BEGIN Extracted records

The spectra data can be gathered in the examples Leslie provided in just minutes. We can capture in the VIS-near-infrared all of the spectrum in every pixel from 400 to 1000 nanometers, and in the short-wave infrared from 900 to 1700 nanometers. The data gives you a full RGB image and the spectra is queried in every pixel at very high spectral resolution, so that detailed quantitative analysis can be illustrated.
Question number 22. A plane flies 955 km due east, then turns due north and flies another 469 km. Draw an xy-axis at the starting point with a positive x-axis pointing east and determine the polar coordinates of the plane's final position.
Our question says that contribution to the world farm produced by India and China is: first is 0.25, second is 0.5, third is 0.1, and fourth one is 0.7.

END Extracted records
BEGIN Extracted records

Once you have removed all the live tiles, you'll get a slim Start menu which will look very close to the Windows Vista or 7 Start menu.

END Extracted records

* Problem to solve: If a line above contains the word "very", list it.

* Reply to the exercise:
The spectra data can be gathered in the examples Leslie provided in just minutes. We can capture in the VIS-near-infrared all of the spectrum in every pixel from 400 to 1000 nanometers, and in the short-wave infrared from 900 to 1700 nanometers. The data gives you a full RGB image and the spectra is queried in every pixel at very high spectral resolution, so that detailed quantitative analysis can be illustrated.
Once you have removed all the live tiles, you'll get a slim Start menu which will look very close to the Windows Vista or 7 Start menu.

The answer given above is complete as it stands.